Seemingly small technological failings can have enormous consequences. When they are strung together in complex systems, the results can be catastrophic.
In 1996, Europe’s then-newest unmanned satellite-launching rocket, the Ariane 5, exploded just seconds after taking off on its maiden flight from French Guiana. Onboard was a $500 million set of four scientific satellites created to study how the Earth’s magnetic field interacts with solar winds.
According to the New York Times Magazine, the rocket’s self-destruction was triggered when its guidance computer tried to convert a 64-bit floating-point number concerning the rocket’s lateral velocity into a 16-bit integer, resulting in an overflow error that shut the guidance system down. It then passed control to an identical backup computer, but the second computer had also failed the same way at the same time because it was running the same software.
Three years later, NASA’s $125 million Mars Climate Orbiter burned up in the Martian atmosphere due to flawed assumptions about the conversion of acceleration data between metric and English units by the ground crew and the software onboard the spacecraft. What was intended to be a day of celebration of the craft’s arrival into Mars orbit turned out quite differently due to this misunderstanding regarding units of measurement.
Disasters like these involve multiple failings – of design, validation, and interactions of humans with one another and with the system. And deficiencies in these same categories lead to system shortcomings of lesser magnitude but higher frequency that affect many of us every day in one way or another. Interoperability validation is a particular concern as software-centric systems become more numerous and complex. When devices using different technologies, or even the same basic technology implemented differently, are combined into a single system, they need to be seamlessly interoperable. When they are not – when they prove incompatible – negative consequences large and small usually follow. There is tension here for developers who are striving for performance improvements and competitive advantages for their products. As technologies continue to evolve, compatibility issues create a rolling challenge. Standards are key to striking the right balance and promoting the development of ecosystems that serve customers well.
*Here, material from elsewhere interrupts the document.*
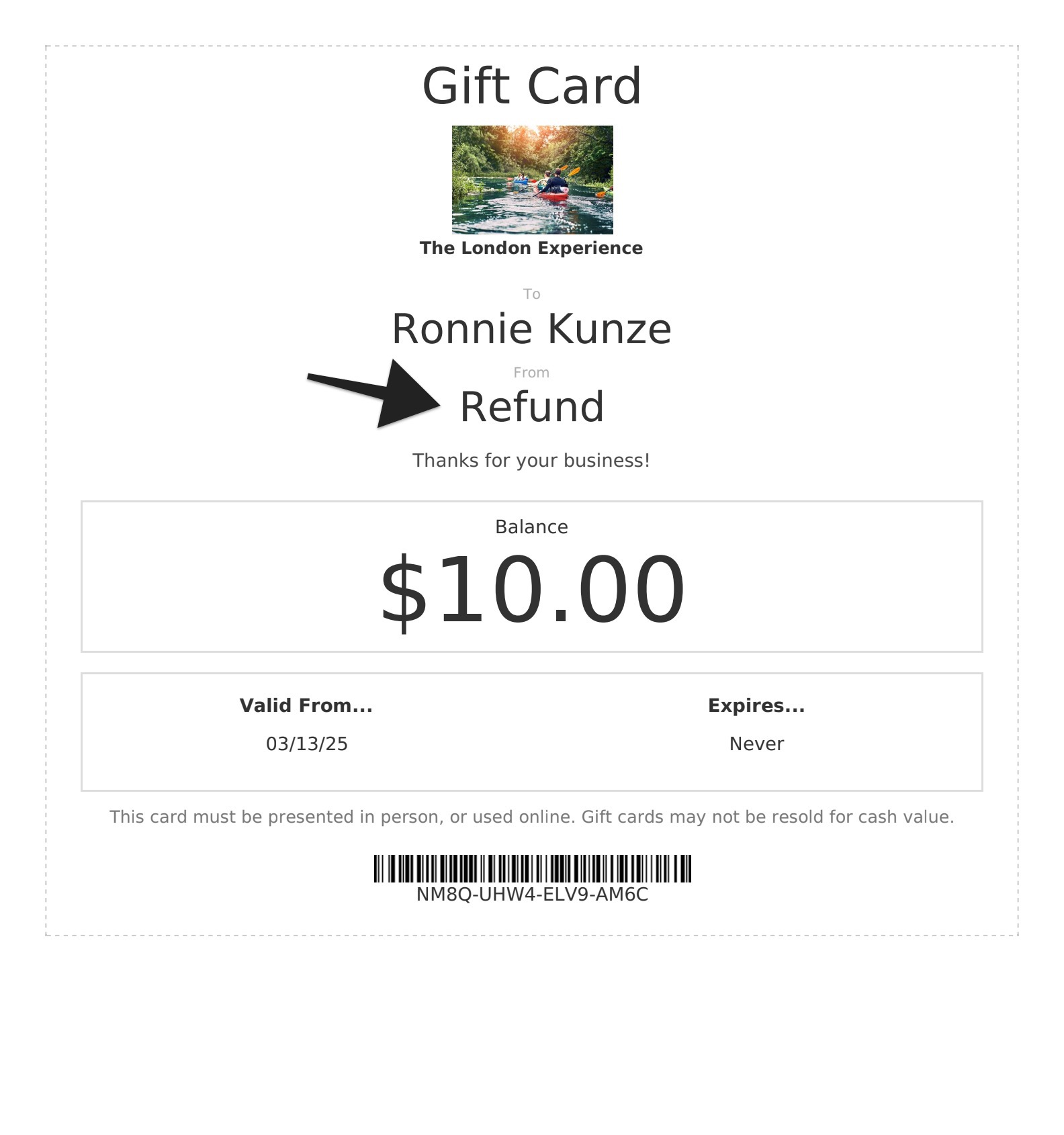 Gift card email with sender set to custom name Refund highlighted in the From field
There is no doubt that the widespread adoption of software-centric systems has already yielded a host of benefits. It is changing the speed at which enterprises innovate, grow, and support their customers. It raises productivity, reduces time to market, and fulfills customer demands by leveraging information collected digitally. Combined with advanced analytics and data visualization, that information provides the insights needed for optimizing customer experience with both current products and solutions, and those still under development. Applied together with advanced hardware technology, advanced software technology is fundamental for accomplishing the digital transformation that many organizations are currently working to achieve. And speaking of transformation, one need only look to recent videos of the Perseverance rover successfully landing on Mars to see how much has changed in the U.S. space program since the Mars Climate Orbiter experience.
The challenge is to find new approaches for testing those advanced technologies, approaches that can efficiently reveal potential problems with performance, user experience, security, and interoperability. All of this needs to be done in real-world conditions before the technologies become embedded into devices and deployed in the field.
Addressing this challenge requires a corresponding emphasis on software-centric design and test solutions. With so much data being produced by the systems under test, obtaining raw test results alone is not enough. Sophisticated analysis and insightful interpretation of those results are critical, particularly for research and development. Automation capabilities are required to increase productivity and ensure consistency of test steps across units and under different operating conditions. As performance limits are pushed to new heights, simulation is more important than ever to gain confidence in a design prior to prototype fabrication.
Information security continues to grow in importance for the design and test of today’s products and solutions. With new generations of malware and those who seek to apply them now on the attack 24/7, security considerations cannot be left until deployment time – they must be addressed early in the design and increasingly in the hardware in addition to the software. One need only consider end applications in the financial, utility, communications, national defense, and transportation sectors to realize the importance of keeping the systems secure, and the potential consequences of failing to do so.
The transformation of the automobile and the associated infrastructure provides a good example of these challenges in action. The latest vehicles feature a staggering amount of new hardware and software technology, enabling everything from the powertrain, to the Advanced Driver-Assistance Systems (ADAS), to the progressing levels of autonomous driving and more. New technology for vehicle-to-everything communications, or V2X, will enable vehicles to communicate with each other and elements of the traffic system, including roadside infrastructure, bicyclists, and pedestrians. If it succeeds, according to the U.S. Department of Transportation, V2X can either eliminate or reduce the severity of up to 80 percent of auto accidents. It can also dramatically reduce travel times and slash fuel consumption. But it is complicated technology. Accounting for traffic patterns, adjusting to road conditions, responding to risks outside of normal sightlines, and recognizing other driving hazards is a complex undertaking.
To help ensure V2X’s success and the success of complex new software-centric systems generally, the design and test industry is applying its own innovations – in richer system modeling, high-frequency, high protocol content communications, intelligent automated software tests, and advanced manufacturing solutions. We are also partnering deeply with market-leading customers to co-innovate at their pace while also working to advance standards development so that new technology ecosystems develop quickly, safely, and cost-effectively for customers. It is exciting work, and as it is said, “failure is not an option.”